Data extracted from a collection:
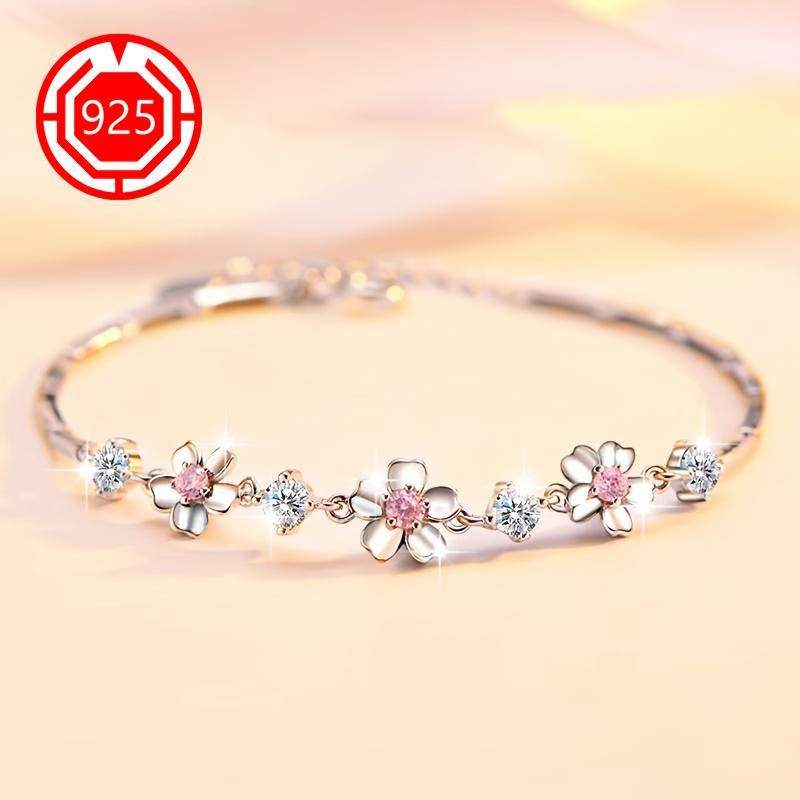 Exquisite 925 sterling silver cherry blossom bracelet with natural gemstone floral design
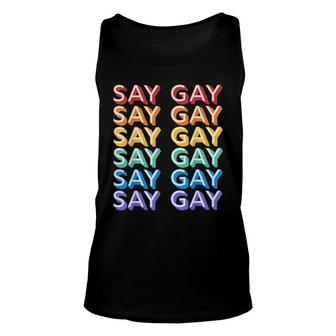 Retro Say Gay Vintage Rainbow Lgbtq Pride Florida Say Gay Unisex Tank Top - Seseable
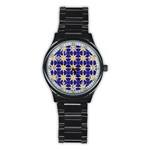 Seamless Pattern Background Stainless Steel Round Watch Front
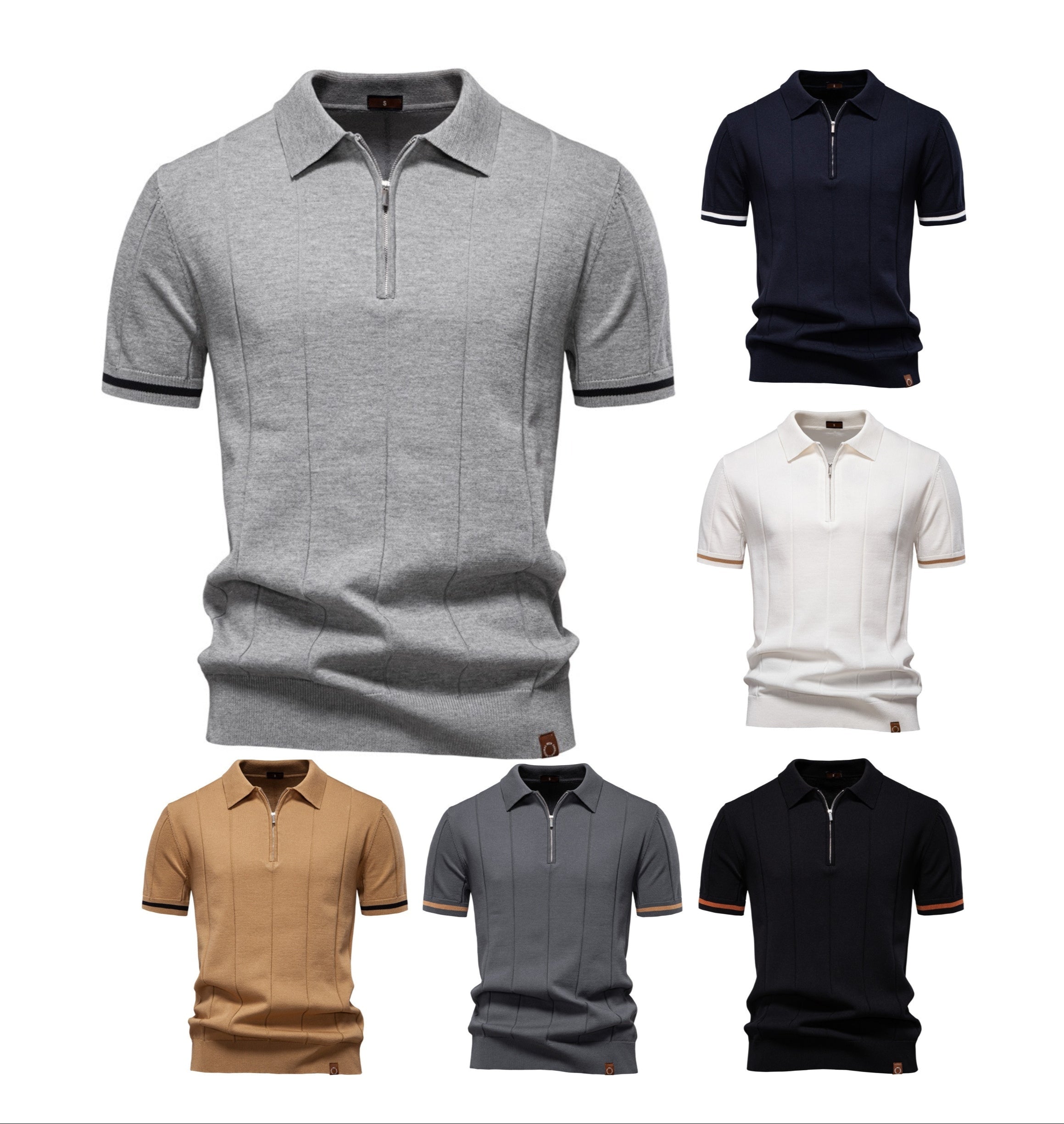 Men's Business Casual Knit Polo Shirt - 2025 Summer Loose-Fit Short Sleeve Top | PSD8037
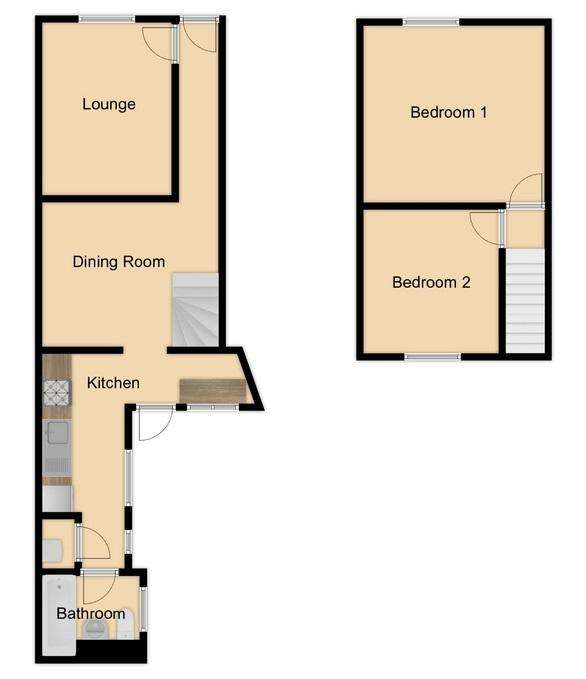 2 bedroom terraced house to rent - floorplan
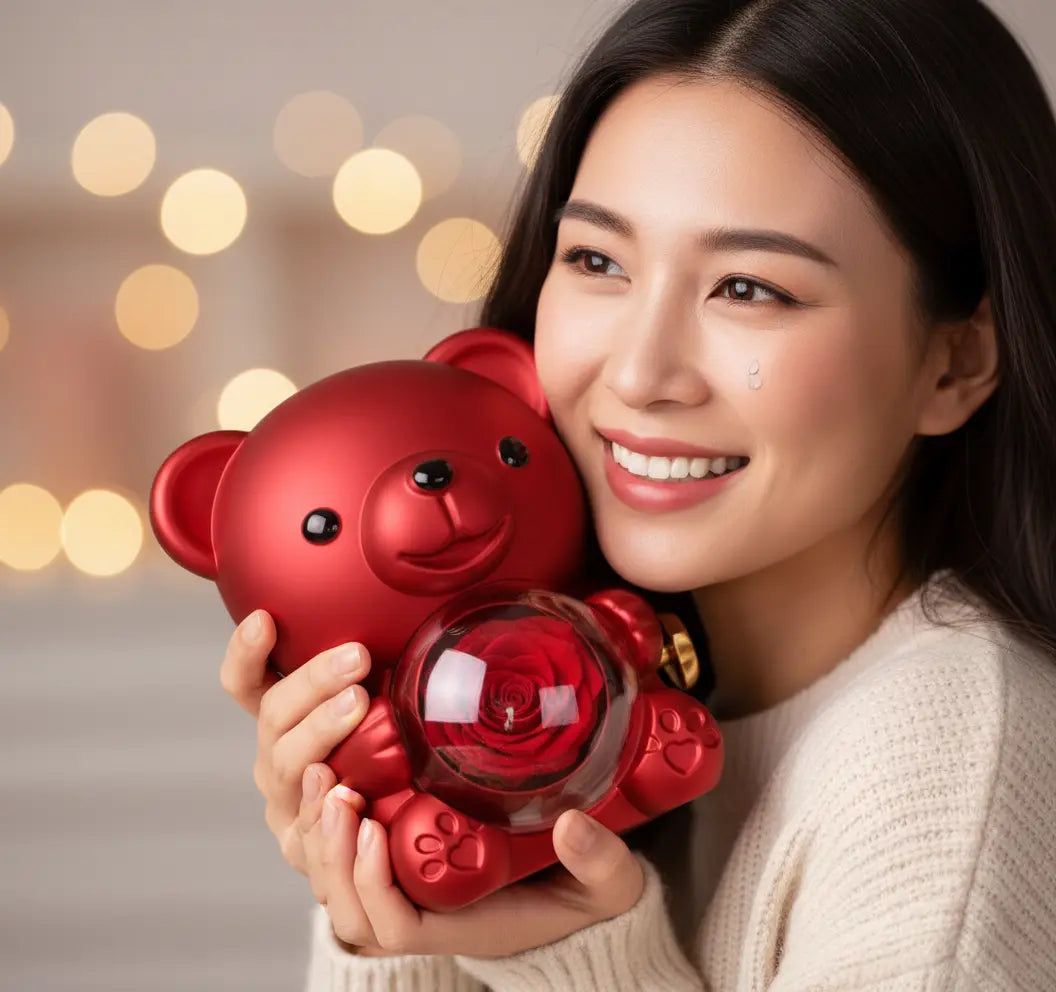 Ewiger Rosen-Teddybär Geschenkset by Amorlune featuring a plush teddy bear and preserved roses in a decorative box.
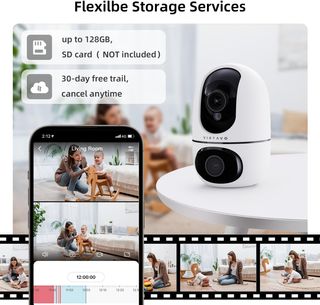 VIRTAVO Cámara WiFi 2.4GHz 1080P Doble Lente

» DIRECTIONS FOR THIS TASK: Starting with the line that holds "2 bedroom terraced house to rent - floorplan", return each line exactly through the final line of the entries above; pictures are not part of the output.

» SOLUTION TO THE PROBLEM:
 2 bedroom terraced house to rent - floorplan
 Ewiger Rosen-Teddybär Geschenkset by Amorlune featuring a plush teddy bear and preserved roses in a decorative box.
 VIRTAVO Cámara WiFi 2.4GHz 1080P Doble Lente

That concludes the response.